Frequently Asked Questions
Growth Price (DCF Valuation)
The Growth Price is the worth of a company if it continues to grow (or shrink) at its current rate.
On a more technical level, the Growth Price is known as a Discount Cash Flow (DCF) valuation. A DCF calculates the present value of the free cash flow a company will generate in the future.
Specifically, to do a DCF, a company's future free cash flows are projected forward by applying a growth rate to the most recent year of free cash flow. This growth rate is determined by looking at the past 10 years of growth. Once future free cash flows are calculated, we then need to calculate the value of that money in the present, as $1 today is worth more than $1 tomorrow. We do this by applying a discount rate.
Here is a step-by-step explanation of how Vuru calculates the Growth Price:
- Take the past 10 years of FCF numbers. Over this time span calculate the growth rate between multiple different time spans. Eg. 2001-2004, 2002-2005.
- The median of these growth rates is used as the base growth rate. Use the base growth rate to project FCF for the next 10 years, while gradually lessening the growth rate over time to conservatively account for slower growth.
- Project a further 10 years of FCF using a 3% terminal growth rate.
- Calculate the net present value of this future FCF using a discount rate of 15% (by default).
- Take the result and add in the current Stockholders' Equity.
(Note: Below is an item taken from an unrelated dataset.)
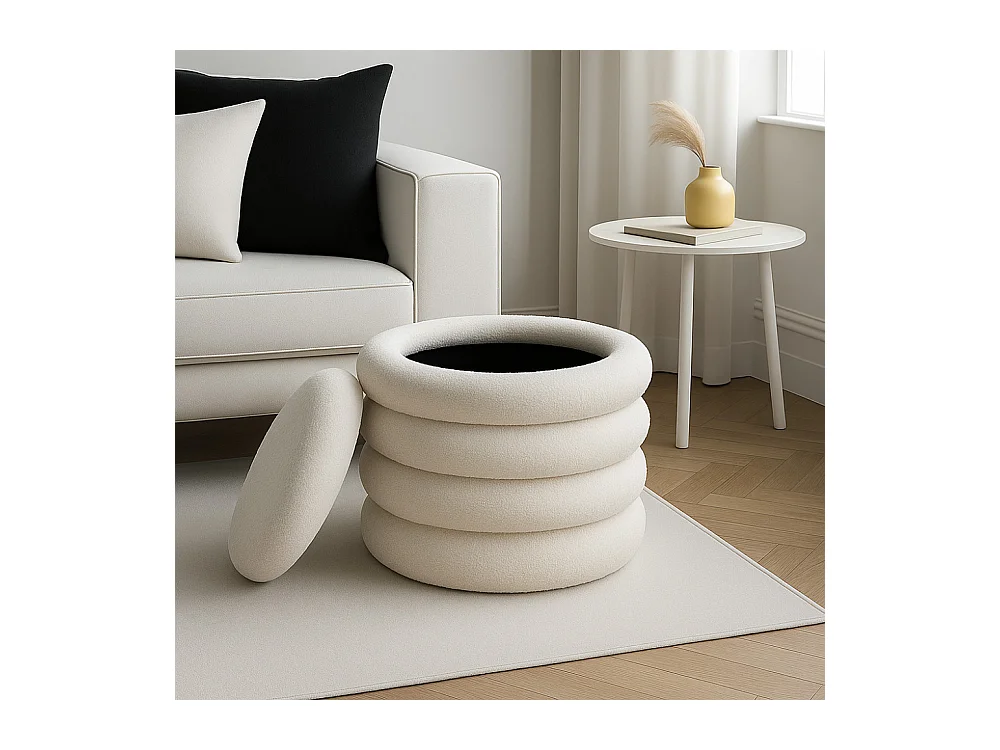 Bubble - Lot de 2 poufs coffres ronds en tissu bouclette ø47cm - Blanc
This number is the company's intrinsic value.
- Divide the intrinsic value by the number of outstanding shares to get the Vuru Growth Price.
Note that the input values that can be adjusted on the Valuation tab of a stock report are the growth rate and discount rate.
Why is the Growth Price negative in some cases?
When the most recent year of free cash flow (FCF) is out of line with previous growth, we smooth it out by averaging the numbers over the past few years to avoid overly high or low numbers skewing the valuation.
If the average FCF over the past few years is negative and stockholders' equity isn't large enough to compensate, this causes the Growth Price to be negative.
This can be a signal that the company has faced tough times or extremely high costs in recent years. It's important to look into the cause and determine whether it's a major concern.